La Carrasca: el románico perdido

viernes, 24 agosto 1990 1 Por Herrera Casado

 

Estamos adentrándonos, en este mes de agosto, por algunos de los monumentos románicos más originales, y también más desconocidos, del románico de la provincia de Guadalajara. De un lado, porque así entregamos a quien lo necesita la noticia de su existencia y el dato descriptivo que a buen seguro le será de utilidad. De otro, porque de este modo posibilitamos la realización de un catálogo que ha de ser completo y exhaustivo de estos templos, tan sencillos y elocuentes de un pasado rico, de una edad en la que sin apenas medios se hicieron obras más gigantescas que en los actuales, en los que sobra el dinero, pero todo se hace volátil, de papel, durable solo el momento de la inauguración.

En la obra de don Francisco Layna Serrano sobre «La arquitectura románica en la provincia de Guadalajara» faltan muchos monumentos de interés. Los difíciles caminos de su época imposibilitaron su llegada a algunos recónditos lugares de nuestra geografía. Eso es lo que ocurrió con algunas de las iglesias que en pasadas semanas hemos visto aquí (Tortonda, Jodra del Pinar, Labros). Ahora tratamos, más por el gusto de viajar y describir, de entregar a la curiosidad de todos la noticia de la existencia de estos monumentos tan bellos y tan olvidados.

Y no de otra forma que perdido hay que calificar al románico de la Carrasca. Porque sólo perdiéndose por la paramera de Molina, por los caminos sin huellas de la vertiente sur de la sierra de Caldereros, puede el viajero llegar hasta esta solitaria altura, hasta la ermita de Nuestra Señora de la Carrasca, en el término de Castellar de la Muela.

Nunca fue templo parroquial, pues en su entorno no existió pueblo alguno, al menos en la Edad Media o posterior. En el término de Castellar existe un paraje al que denominan los Villares en que hubo asentamiento, pero de tipo celtibérico, prehistórico, con su correspondiente necrópolis, todo por excavar y estudiar como corresponde. Sanz y Díaz recogía en el pueblo la especie de que allí tuvieron asentamiento y monasterio los caballeros templarios, pero que al disolverlos Clemente V en 1312 abandonaron el lugar viéndose hoy solamente la planta de su templo. Es todo fábula irreal.

Lo cierto de la Carrasca es que la ermita dedicada a esta Virgen de advocación vegetal existe hoy, muy bien conservada, como si los siglos no hubieran pasado sobre ella. Fue construida en el siglo XII, cuando los primeros señores molineses iniciaron la repoblación de su condado independiente. El esfuerzo de estas gentes, su consistente fe, su buen gusto innato, hicieron posible que en esta soledad serrana se pusiera templo tan grande y hermoso.
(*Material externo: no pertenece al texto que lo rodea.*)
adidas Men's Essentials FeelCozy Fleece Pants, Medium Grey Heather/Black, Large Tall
Todo él levantado con piedra de sillarejo de tonos rojizos, bien tallados en las esquinas, aleros y dinteles, tiene una planta de nave única, alargada, orientada, con un ábside semicircular en cuyo centro luce una breve ventana aspillerada, y con un alero que se forma de canecillos y modillones de muy sencilla traza.
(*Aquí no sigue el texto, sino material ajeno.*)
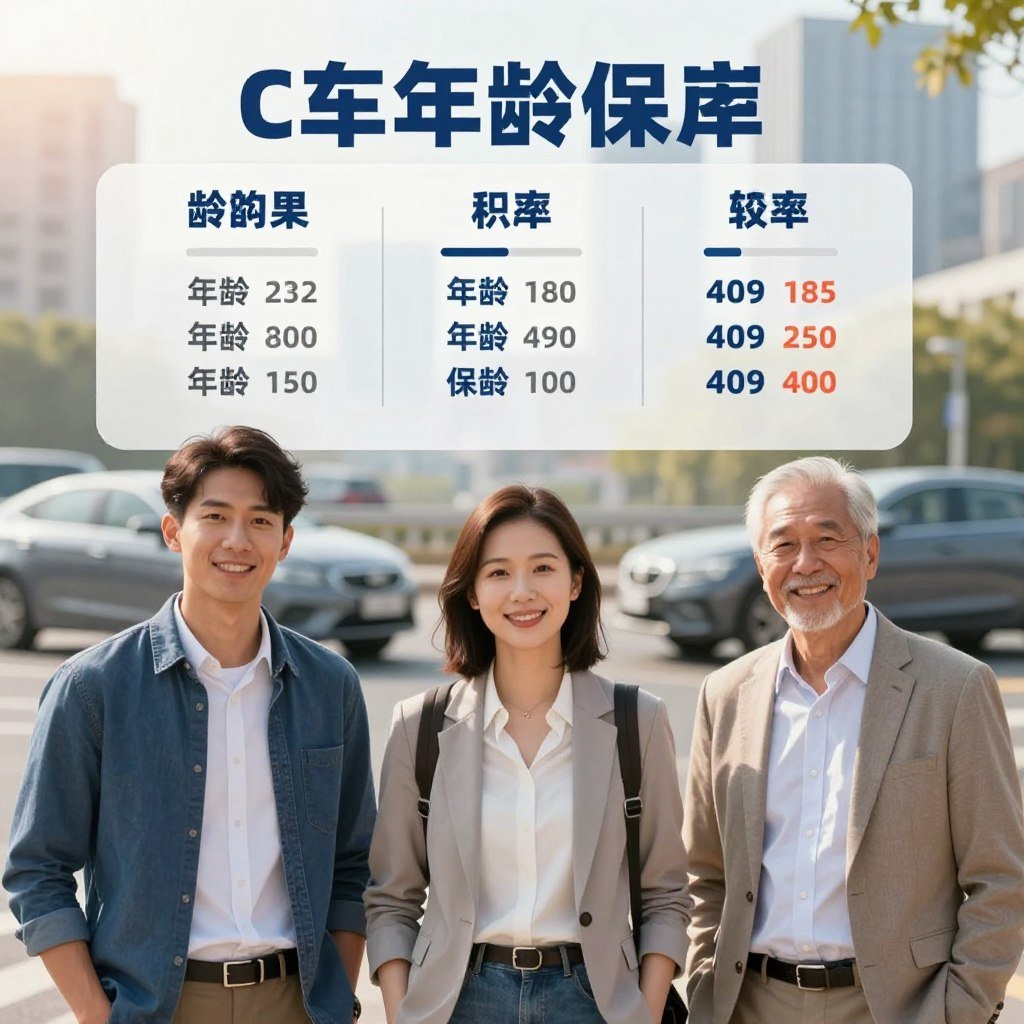 An informational illustration depicting car insurance differences by age group. In the foreground, a diverse group of three individuals: a young adult in their 20s, a middle-aged person in their 40s, and a senior citizen in their 60s, all dressed in smart casual attire, standing side by side. In the middle, a detailed infographic graphic showing key statistics and visual elements representing age demographics and insurance rates. The background features a soft-focus cityscape symbolizing the urban environment where people might drive, with warm, inviting sunlight filtering through. The overall atmosphere should be professional, informative, and friendly, evoking a sense of community and awareness about car insurance variations by age. The image should be bright and clear, conducive to an educational context.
Sobre el muro del sur a abre la puerta de acceso al templo. Se resguarda de un atrio hermético, en el que apenas un ventanil y la puerta de acceso permiten la entrada de la luz. La portada principal es un ejemplar notable por sus grandes dimensiones, aunque también por la rudeza de su traza. La portada se forma de un vano semicircular, ornado de tres arquivoltas de arista lisa, que apoyan en una simple imposta, y ésta sobre capiteles también lisos, y sobre columnas adosadas. Nada más simple es concebible, pero de esa sencillez arranca precisamente su elegancia y su belleza.
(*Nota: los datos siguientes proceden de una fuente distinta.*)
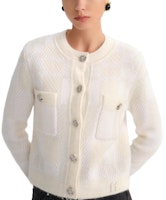 (Women) KARL LAGERFELD FW23 White Single-Breasted Tweed Long Sleeve Jacket 236L2049 (Women) KARL LAGERFELD FW23 White Single-Breasted Tweed Long Sleeve Jacket 236L2049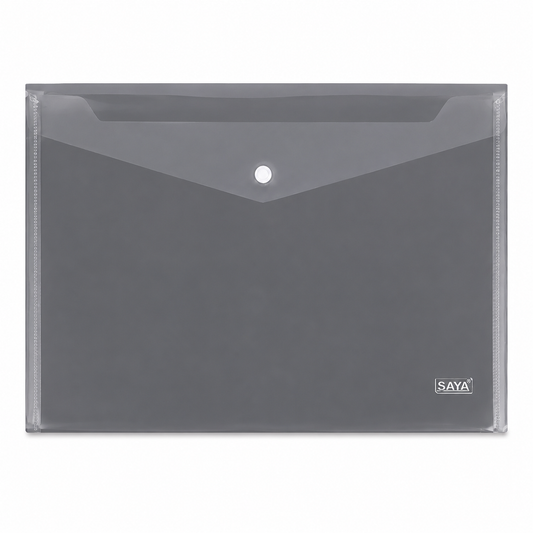 SAYA My Clear Bag Plain SY209P (Pack of 12) | FS Size Document Folder | Transparent Assorted Colors | Snap Button Closure | Durable PP Plastic Envelope Bag for Office, School & Home Use
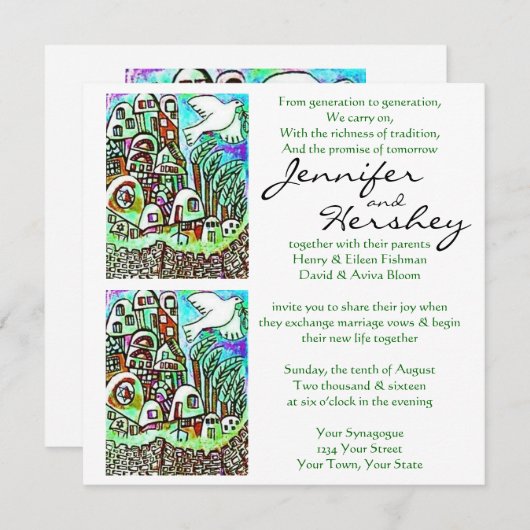 Weddenschap - stad Israël - Sage Kaart (Voorkant / Achterkant)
El interior está muy reformado. Tiene en lo alto un artesonado de sencilla traza, con algunas labores que recuerdan a lo mudéjar. El altar es mucho más moderno que la arquitectura del templo. En los grabados adjuntos vemos, de un lado, el aspecto general de la ermita, con su ábside y su campanil sobre el muro de poniente. De otro, un dibujo «de campo» de la portada principal, que nos ofrece su tosquedad y su pureza.

Poco más puede decirse de esta ermita de la Virgen de la Carrasca, en término de Castellar de la Muela, pero estamos seguros que la visita hasta ella compensará cualquier fatiga. Lejana y olvidada, su dignidad silenciosa evoca la fuerza constructiva de las gentes anónimas de los pasados siglos. La pureza de sus líneas arquitectónicas nos dice de normas y tradiciones no escritas, pero respetadas en todo un continente. Hay algo más, sin embargo, que no puede expresarse ni poner en los tratados del románico. Su lejanía, su silencio, su olvido de todos, añade un valor a este templo, que recomendamos visitar a quienes gustan de estas viejas piedras, a quienes, sobre todo, se dedican a contarlas y describirlas.